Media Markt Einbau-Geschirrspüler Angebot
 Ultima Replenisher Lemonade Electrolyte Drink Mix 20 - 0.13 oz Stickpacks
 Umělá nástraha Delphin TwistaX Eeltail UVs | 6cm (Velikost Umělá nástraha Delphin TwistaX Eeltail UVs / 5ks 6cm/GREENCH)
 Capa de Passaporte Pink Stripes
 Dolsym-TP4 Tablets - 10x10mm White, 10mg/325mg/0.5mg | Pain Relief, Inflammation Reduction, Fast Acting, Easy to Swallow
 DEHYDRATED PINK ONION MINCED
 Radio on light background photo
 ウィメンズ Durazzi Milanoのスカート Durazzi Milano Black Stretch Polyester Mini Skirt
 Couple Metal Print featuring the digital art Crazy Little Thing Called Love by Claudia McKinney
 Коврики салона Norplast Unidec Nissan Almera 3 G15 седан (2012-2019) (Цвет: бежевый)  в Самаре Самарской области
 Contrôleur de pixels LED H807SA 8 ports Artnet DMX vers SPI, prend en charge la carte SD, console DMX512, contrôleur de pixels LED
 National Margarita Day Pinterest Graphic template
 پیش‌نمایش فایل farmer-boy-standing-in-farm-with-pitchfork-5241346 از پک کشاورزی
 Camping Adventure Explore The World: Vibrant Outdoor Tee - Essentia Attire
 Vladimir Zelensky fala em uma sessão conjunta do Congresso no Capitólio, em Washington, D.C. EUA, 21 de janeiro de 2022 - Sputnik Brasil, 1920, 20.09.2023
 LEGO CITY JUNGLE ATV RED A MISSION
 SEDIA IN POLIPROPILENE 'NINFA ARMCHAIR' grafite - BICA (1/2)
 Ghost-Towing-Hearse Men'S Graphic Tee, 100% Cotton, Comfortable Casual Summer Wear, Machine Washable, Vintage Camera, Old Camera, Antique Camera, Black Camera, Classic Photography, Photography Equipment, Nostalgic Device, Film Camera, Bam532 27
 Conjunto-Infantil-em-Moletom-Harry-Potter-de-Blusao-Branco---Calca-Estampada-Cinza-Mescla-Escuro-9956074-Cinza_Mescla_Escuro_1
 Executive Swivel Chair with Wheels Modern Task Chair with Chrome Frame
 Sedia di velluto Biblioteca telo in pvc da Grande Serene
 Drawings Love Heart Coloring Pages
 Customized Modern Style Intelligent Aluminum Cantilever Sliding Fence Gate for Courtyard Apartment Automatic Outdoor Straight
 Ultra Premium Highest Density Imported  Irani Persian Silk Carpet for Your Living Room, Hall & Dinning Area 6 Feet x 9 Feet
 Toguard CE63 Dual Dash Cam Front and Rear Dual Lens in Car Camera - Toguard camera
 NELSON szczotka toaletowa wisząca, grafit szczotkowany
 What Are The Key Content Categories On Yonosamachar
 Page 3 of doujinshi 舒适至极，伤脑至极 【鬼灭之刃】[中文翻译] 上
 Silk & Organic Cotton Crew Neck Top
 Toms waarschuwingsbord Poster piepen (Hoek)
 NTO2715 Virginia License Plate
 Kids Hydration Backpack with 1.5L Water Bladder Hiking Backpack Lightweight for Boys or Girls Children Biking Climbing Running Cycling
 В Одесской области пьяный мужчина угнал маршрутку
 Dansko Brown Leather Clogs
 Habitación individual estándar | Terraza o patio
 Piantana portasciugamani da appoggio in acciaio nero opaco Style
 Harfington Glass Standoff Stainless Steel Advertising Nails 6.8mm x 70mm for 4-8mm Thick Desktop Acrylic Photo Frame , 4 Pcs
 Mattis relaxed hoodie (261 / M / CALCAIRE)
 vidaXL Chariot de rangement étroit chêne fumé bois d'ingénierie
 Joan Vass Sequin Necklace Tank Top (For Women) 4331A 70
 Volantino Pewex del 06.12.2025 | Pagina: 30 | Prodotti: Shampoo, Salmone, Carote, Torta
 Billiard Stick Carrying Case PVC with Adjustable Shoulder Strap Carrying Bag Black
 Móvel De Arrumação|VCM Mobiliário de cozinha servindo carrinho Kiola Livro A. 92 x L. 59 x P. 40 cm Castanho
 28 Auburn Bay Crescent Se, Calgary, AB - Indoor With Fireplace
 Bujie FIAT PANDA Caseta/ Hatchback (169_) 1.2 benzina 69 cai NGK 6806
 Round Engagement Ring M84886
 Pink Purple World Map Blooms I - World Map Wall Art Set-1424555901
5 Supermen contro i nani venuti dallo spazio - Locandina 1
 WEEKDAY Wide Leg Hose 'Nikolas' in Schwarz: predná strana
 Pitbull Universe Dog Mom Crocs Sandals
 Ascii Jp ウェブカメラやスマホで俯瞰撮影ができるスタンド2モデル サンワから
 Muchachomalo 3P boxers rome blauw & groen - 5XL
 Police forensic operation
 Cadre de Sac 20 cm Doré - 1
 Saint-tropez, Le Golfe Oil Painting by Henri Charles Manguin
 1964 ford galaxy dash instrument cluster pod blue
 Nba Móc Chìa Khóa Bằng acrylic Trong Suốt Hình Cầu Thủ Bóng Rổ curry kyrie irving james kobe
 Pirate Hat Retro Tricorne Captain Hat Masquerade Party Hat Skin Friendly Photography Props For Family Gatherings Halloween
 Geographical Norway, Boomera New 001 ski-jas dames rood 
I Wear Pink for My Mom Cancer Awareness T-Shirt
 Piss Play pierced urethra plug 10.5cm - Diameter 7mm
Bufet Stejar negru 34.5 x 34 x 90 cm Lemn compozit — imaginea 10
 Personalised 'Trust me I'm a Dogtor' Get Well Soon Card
---+---
- **What the task asks**: Look back at the entries above and repeat, unchanged, every line from the line holding "ウィメンズ Durazzi Milanoのスカート" through the line holding "Contrôleur de pixels LED H807SA".

- **Response to the exercise**:
 ウィメンズ Durazzi Milanoのスカート Durazzi Milano Black Stretch Polyester Mini Skirt
 Couple Metal Print featuring the digital art Crazy Little Thing Called Love by Claudia McKinney
 Коврики салона Norplast Unidec Nissan Almera 3 G15 седан (2012-2019) (Цвет: бежевый)  в Самаре Самарской области
 Contrôleur de pixels LED H807SA 8 ports Artnet DMX vers SPI, prend en charge la carte SD, console DMX512, contrôleur de pixels LED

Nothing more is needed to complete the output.